Problem statement:
Restrict the output to the lines below starting at the one that contains "Pode incluir: Camiseta" and ending at the one that contains "Medical staff from", and restate them word for word, both ends included.

Data for this exercise:

_ _ _ _ _

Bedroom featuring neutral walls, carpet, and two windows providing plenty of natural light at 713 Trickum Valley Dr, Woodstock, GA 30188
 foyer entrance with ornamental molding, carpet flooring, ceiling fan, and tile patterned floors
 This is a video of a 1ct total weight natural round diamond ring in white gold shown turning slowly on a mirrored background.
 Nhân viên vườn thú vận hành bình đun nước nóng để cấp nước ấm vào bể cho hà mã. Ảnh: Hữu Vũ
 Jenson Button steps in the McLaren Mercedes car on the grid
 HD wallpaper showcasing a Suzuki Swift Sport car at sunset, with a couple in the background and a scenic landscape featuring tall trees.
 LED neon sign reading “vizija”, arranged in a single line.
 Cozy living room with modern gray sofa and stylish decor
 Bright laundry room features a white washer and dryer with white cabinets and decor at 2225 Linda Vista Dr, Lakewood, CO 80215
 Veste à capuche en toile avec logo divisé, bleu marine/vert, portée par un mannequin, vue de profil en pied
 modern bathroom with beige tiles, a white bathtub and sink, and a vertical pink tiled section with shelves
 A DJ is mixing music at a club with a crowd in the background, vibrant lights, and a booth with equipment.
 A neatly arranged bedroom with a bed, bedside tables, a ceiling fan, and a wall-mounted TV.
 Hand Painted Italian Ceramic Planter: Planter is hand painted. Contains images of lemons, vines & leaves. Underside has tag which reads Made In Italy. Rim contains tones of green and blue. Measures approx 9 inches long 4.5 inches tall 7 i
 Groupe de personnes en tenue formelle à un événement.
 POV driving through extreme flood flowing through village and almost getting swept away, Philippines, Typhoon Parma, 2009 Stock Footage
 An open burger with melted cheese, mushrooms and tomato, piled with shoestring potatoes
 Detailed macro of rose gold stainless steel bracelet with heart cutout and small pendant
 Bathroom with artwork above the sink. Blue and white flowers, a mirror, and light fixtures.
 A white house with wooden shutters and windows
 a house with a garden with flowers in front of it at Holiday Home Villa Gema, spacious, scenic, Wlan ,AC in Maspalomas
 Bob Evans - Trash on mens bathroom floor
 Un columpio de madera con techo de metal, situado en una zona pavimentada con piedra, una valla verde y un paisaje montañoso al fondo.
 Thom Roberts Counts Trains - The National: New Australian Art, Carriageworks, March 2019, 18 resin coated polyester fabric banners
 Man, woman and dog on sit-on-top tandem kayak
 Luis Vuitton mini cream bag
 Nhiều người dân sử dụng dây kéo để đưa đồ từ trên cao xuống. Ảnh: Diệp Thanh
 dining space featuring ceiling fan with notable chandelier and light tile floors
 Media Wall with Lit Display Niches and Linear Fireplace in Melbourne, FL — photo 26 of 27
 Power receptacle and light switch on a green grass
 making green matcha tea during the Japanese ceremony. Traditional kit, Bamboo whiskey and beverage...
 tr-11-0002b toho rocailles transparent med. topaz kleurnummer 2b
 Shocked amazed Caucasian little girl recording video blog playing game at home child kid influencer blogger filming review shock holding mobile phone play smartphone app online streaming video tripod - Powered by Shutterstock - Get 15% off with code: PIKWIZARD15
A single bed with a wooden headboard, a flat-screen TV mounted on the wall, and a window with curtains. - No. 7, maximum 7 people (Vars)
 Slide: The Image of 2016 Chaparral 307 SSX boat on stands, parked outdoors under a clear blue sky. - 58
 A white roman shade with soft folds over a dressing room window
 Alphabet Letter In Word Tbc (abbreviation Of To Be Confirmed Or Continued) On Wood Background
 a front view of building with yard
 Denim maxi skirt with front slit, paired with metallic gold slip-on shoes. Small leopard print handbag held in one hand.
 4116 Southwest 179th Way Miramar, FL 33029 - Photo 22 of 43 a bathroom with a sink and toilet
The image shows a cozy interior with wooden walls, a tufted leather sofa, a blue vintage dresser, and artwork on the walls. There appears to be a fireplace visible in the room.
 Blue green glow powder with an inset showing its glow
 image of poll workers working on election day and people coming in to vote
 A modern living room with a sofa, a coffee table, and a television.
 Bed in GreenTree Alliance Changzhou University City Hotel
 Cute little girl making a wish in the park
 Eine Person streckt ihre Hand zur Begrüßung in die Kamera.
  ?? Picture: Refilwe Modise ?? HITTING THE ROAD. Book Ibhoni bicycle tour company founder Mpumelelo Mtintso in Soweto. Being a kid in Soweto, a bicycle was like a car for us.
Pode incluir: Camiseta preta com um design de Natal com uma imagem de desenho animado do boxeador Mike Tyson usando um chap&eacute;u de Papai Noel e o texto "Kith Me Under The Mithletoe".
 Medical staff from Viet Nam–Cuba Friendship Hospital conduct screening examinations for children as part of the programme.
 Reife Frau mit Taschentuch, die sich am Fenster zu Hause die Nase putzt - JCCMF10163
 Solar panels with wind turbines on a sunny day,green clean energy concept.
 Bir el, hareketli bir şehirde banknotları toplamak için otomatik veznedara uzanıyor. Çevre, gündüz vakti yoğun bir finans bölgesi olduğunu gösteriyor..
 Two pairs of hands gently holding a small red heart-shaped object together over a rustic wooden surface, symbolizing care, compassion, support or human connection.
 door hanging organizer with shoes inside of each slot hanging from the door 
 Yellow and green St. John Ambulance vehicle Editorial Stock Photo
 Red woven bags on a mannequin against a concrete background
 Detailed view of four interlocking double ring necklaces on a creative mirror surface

_ _ _ _ _

Answer below:
Pode incluir: Camiseta preta com um design de Natal com uma imagem de desenho animado do boxeador Mike Tyson usando um chap&eacute;u de Papai Noel e o texto "Kith Me Under The Mithletoe".
 Medical staff from Viet Nam–Cuba Friendship Hospital conduct screening examinations for children as part of the programme.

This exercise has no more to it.